The newly launched Sustainable Development Goals (SDGs) for the first time include a target to achieve access to adequate and equitable sanitation and hygiene for all, with specific attention on the needs of women and girls. With this newly found international attention, the time has arrived to address WaSH challenges in schools. Evidence shows that investing in safe and improved WaSH facilities improves girls’ health and enhances knowledge, which in turn empowers girls to reach their full potential and become agents of change within their communities. The following solutions suggest concrete ways in which governments, donors, nongovernment organizations (NGOs), civil society organizations, and community members and leaders can come together to ensure that by 2030, girls around the globe have access to adequate and equitable water, sanitation, and hygiene.

WaSH in Schools: Proposed Solutions

Per_Moreland_Figure1
Since Build Africa began working with The Kalampete Primary School in Kibuku District, Uganda, the improved access to sanitation facilities, hygiene education, and the ability to harvest water during rainy seasons has greatly increased attendance and performance.
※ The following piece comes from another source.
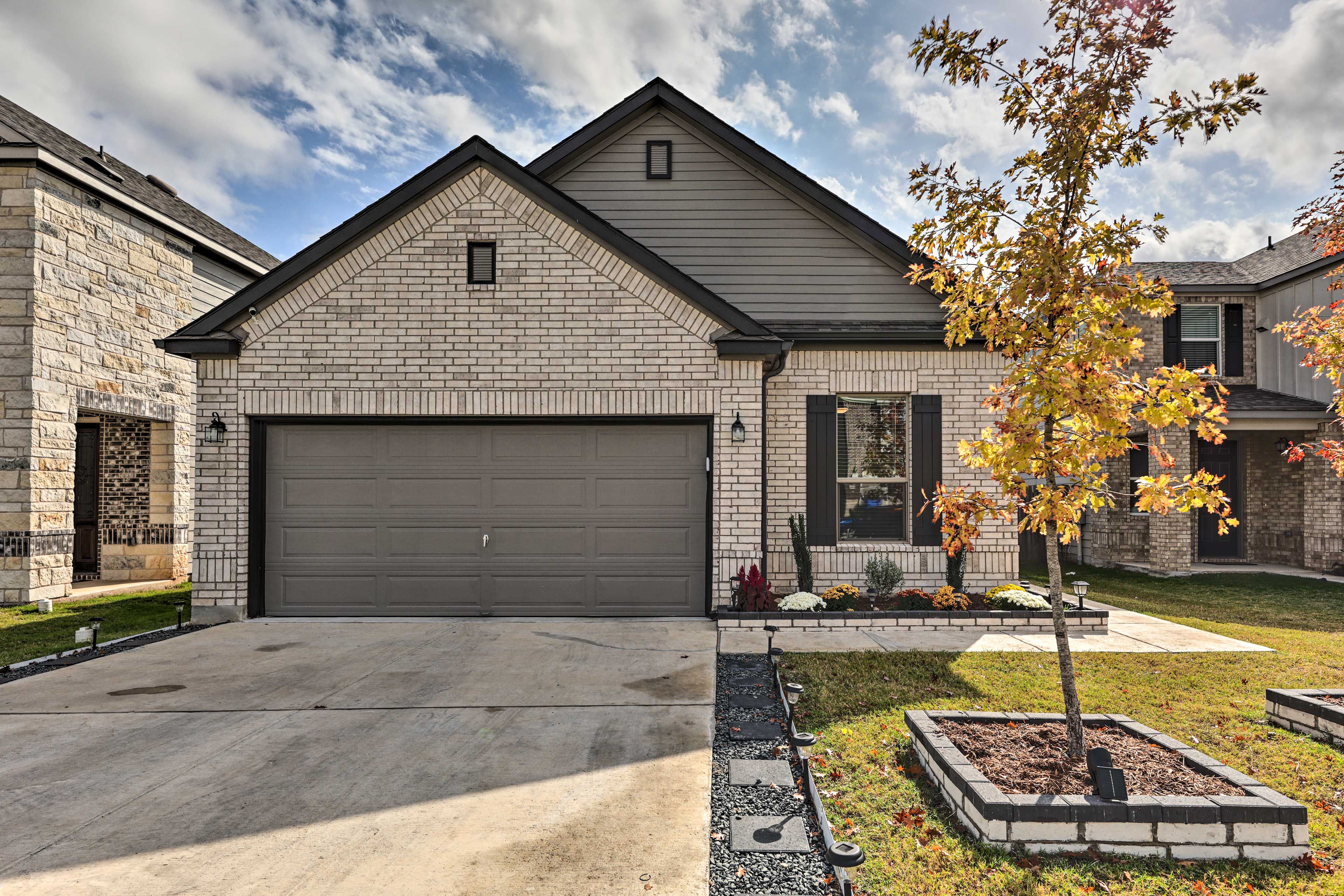 Parking | Driveway (2 Vehicles) | Free Street Parking | No Garage Use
1. Access to safe water in schools. Extreme poverty often prevents families from sending all of their children to school, and when a choice needs to be made to send only a few, it is the boys who attend most often. This ensures that girls are able to help with household chores and bear the burden of collecting water for household-related needs.6 When girls do attend school, these same cultural norms mean that girls are the ones to miss class to fetch water for school-related needs, often miles away from the school, and from sources located in unsafe areas. When water is available at schools, this burden is reduced and the school becomes a safe place for parents to send all of their children. Specifically, these issues of inequality can be addressed by the following:

  • Installing a safe, gender-friendly water supply facility inside the school compound, such as a borehole with a hand pump, rain water catchment system, or a piped water system (appropriate for urban or peri-urban schools) in line with national guidelines;
  • Setting aside government funds for operation and maintenance of facilities, including establishing water quality monitoring as part of the operation and maintenance of facilities;
  • Training staff on upkeep of facilities and linking schools to local service providers for repairs; and,
  • Ensuring water is placed in key areas for use by girls and boys, including in classrooms, at hand washing stations, and in latrine or toilet blocks.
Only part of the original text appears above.